▶ Aim of the task
Take the lines below beginning at the line that has "Output circuit schematic, AB" and stopping after the line that has "Twinkling Lights 3-Wick Candle", and print them exactly as they are, with no other lines.

Start of Data for this exercise

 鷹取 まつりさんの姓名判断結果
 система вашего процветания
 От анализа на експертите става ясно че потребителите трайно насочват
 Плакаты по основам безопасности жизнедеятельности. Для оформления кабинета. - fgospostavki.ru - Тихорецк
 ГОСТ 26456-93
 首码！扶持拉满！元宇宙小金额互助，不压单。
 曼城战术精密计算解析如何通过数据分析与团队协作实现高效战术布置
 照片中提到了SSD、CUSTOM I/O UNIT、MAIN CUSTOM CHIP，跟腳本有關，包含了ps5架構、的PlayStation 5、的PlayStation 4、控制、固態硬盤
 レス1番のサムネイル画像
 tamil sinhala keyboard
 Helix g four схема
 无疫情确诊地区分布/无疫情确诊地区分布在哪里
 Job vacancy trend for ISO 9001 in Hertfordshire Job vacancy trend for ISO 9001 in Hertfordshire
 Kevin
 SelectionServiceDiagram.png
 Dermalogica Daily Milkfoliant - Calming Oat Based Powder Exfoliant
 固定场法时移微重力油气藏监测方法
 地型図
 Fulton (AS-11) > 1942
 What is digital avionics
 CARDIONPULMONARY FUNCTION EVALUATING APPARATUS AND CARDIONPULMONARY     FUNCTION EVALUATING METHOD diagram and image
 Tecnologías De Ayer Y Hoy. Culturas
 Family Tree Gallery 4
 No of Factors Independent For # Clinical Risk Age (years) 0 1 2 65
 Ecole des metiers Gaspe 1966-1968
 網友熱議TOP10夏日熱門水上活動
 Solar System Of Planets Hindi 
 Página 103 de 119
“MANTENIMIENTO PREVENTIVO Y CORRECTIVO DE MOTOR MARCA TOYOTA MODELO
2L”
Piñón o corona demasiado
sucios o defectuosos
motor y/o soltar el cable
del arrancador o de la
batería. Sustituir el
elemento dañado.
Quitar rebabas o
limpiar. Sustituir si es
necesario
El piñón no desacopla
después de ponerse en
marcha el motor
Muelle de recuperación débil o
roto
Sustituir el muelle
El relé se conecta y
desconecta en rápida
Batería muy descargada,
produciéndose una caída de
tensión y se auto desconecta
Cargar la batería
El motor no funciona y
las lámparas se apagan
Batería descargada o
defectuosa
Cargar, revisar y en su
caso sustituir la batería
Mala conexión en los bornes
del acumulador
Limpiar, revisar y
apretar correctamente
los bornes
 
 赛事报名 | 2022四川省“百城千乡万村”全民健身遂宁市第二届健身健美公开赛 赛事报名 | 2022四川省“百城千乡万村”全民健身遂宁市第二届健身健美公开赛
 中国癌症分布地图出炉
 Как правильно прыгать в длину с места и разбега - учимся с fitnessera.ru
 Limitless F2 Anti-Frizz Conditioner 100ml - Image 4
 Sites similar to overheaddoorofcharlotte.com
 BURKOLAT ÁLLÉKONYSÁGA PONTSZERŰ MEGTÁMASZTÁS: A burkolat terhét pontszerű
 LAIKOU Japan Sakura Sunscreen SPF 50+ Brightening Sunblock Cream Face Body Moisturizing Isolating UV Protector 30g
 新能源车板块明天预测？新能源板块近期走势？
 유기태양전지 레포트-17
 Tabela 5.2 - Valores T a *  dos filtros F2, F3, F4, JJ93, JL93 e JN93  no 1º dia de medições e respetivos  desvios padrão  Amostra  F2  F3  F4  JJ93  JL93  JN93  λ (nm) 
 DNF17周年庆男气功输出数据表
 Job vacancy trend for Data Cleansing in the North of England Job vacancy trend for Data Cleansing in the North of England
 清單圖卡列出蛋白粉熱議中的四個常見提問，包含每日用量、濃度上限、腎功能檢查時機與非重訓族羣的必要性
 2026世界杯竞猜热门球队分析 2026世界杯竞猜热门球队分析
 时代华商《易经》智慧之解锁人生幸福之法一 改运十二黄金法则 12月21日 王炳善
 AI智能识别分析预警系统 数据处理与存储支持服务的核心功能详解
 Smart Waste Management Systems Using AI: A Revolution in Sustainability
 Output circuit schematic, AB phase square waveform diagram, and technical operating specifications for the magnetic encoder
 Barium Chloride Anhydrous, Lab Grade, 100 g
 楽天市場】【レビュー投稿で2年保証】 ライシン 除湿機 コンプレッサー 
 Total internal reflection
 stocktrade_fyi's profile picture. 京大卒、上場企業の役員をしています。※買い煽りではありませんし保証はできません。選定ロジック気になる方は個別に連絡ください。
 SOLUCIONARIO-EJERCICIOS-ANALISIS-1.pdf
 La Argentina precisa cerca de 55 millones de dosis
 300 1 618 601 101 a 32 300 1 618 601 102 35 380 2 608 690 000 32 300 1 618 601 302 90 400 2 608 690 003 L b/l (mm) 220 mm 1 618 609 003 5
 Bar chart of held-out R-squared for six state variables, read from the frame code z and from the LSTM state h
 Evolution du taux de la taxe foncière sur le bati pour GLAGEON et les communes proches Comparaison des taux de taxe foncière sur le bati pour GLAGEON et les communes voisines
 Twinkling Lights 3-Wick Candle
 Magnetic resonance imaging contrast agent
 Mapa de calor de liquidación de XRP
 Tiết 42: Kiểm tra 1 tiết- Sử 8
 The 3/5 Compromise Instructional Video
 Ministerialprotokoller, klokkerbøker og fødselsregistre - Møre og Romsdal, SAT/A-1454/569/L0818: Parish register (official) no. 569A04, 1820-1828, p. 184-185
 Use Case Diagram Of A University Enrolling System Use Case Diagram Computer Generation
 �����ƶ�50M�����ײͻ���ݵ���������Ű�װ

End of Data for this exercise

▶ Completed task
 Output circuit schematic, AB phase square waveform diagram, and technical operating specifications for the magnetic encoder
 Barium Chloride Anhydrous, Lab Grade, 100 g
 楽天市場】【レビュー投稿で2年保証】 ライシン 除湿機 コンプレッサー 
 Total internal reflection
 stocktrade_fyi's profile picture. 京大卒、上場企業の役員をしています。※買い煽りではありませんし保証はできません。選定ロジック気になる方は個別に連絡ください。
 SOLUCIONARIO-EJERCICIOS-ANALISIS-1.pdf
 La Argentina precisa cerca de 55 millones de dosis
 300 1 618 601 101 a 32 300 1 618 601 102 35 380 2 608 690 000 32 300 1 618 601 302 90 400 2 608 690 003 L b/l (mm) 220 mm 1 618 609 003 5
 Bar chart of held-out R-squared for six state variables, read from the frame code z and from the LSTM state h
 Evolution du taux de la taxe foncière sur le bati pour GLAGEON et les communes proches Comparaison des taux de taxe foncière sur le bati pour GLAGEON et les communes voisines
 Twinkling Lights 3-Wick Candle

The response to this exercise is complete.